Thresholds are not hand-tuned. They are computed via a bootstrap percentile sweep across a labeled validation set, optimising for precision-recall trade-offs appropriate to a regulated environment. Every artifact — thresholds, policy decisions, enriched validation data — is written with provenance metadata (timestamp, config snapshot, pipeline stage) so the full decision trail is reconstructable.

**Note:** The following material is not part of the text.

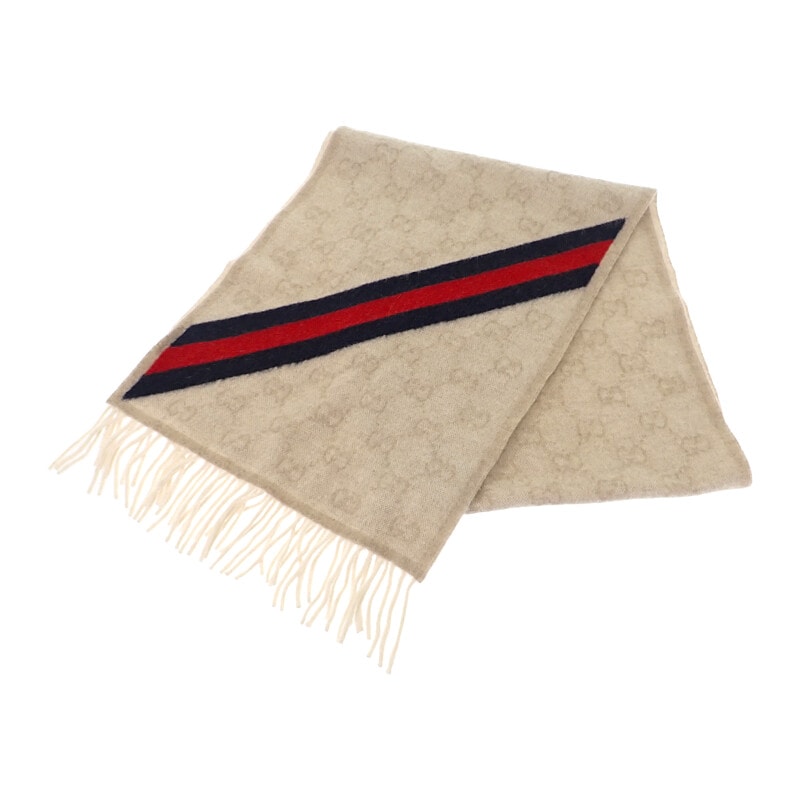 グッチ GUCCI GG柄 508027 マフラー ウール【中古】【Aランク】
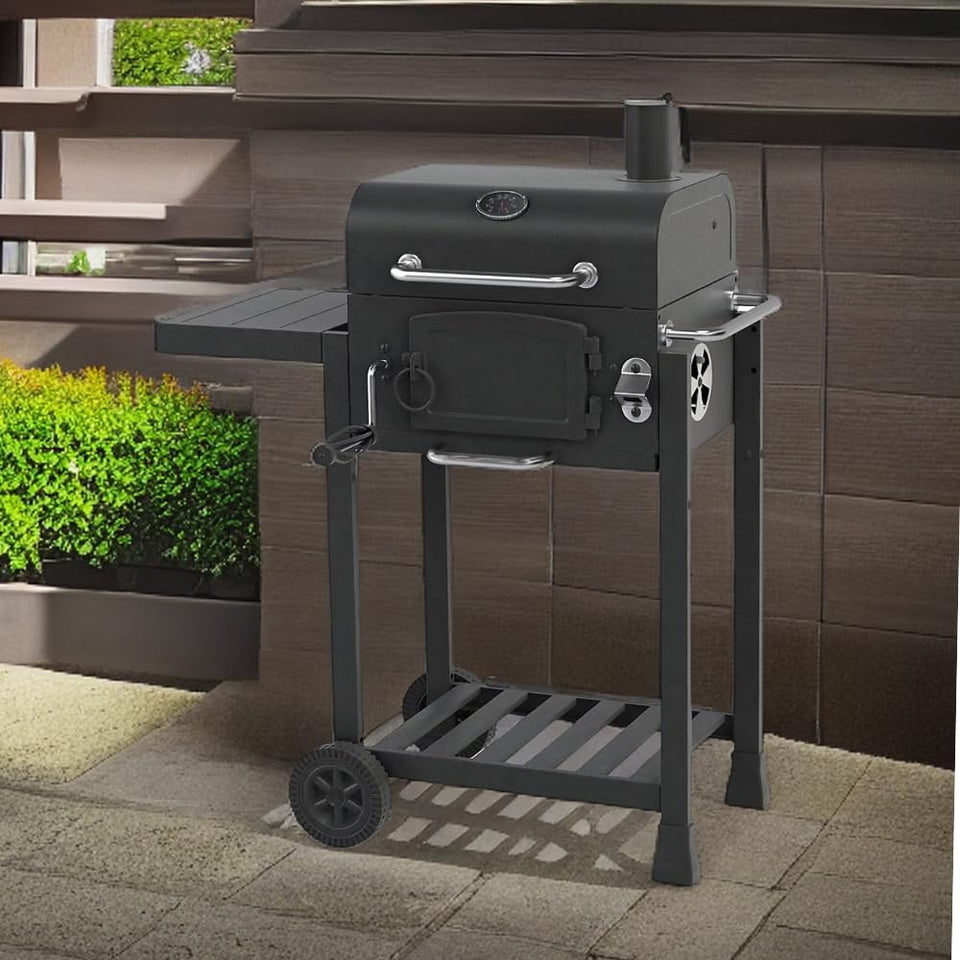CosmoGrill Outdoor Jr. Smoker Barbecue Charcoal Portable BBQ Grill, Built-in Thermometer, Adjustable Charcoal Pan and Chimney, Wheels, Storage | Compact Coal BBQ Smoker for Home Garden Party Cooking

The human review queue is not a flat list. Cases are ranked by a priority score derived from both metric deficits, so reviewers work the highest-risk outputs first. PII sanitization is applied before any data leaves the pipeline for external storage.
Key Highlights
- Conservative AND policy: auto-regen only when both embedding similarity AND ROUGE-L fall below threshold — single-metric failure routes to human review
- Threshold calibration via bootstrap percentile sweep across labeled validation set
- Priority-scored human review queue ranked by combined metric deficit — highest-risk cases surface first
- Audit-grade provenance: every artifact written with timestamp, config snapshot, and pipeline stage metadata
- PII sanitization applied before public artifact export
- Full pipeline: enrichment → threshold sweep → policy application → queue ranking → provenance write
- Published on Kaggle with sanitized validation dataset
Tech Stack
Core
NLP / Eval
Pipeline
Challenges
- Calibrating thresholds conservative enough for a regulated environment without making auto-regen so rare it adds no value
- Designing an AND policy that handles missing modalities correctly without collapsing to always-escalate
- Provenance tracking that is lightweight enough not to slow the pipeline but complete enough to satisfy audit requirements
Key Learnings
- Conservative AND policy outperforms OR policy for regulated contexts — false positives (unnecessary human review) are far cheaper than false negatives (bad output reaching downstream)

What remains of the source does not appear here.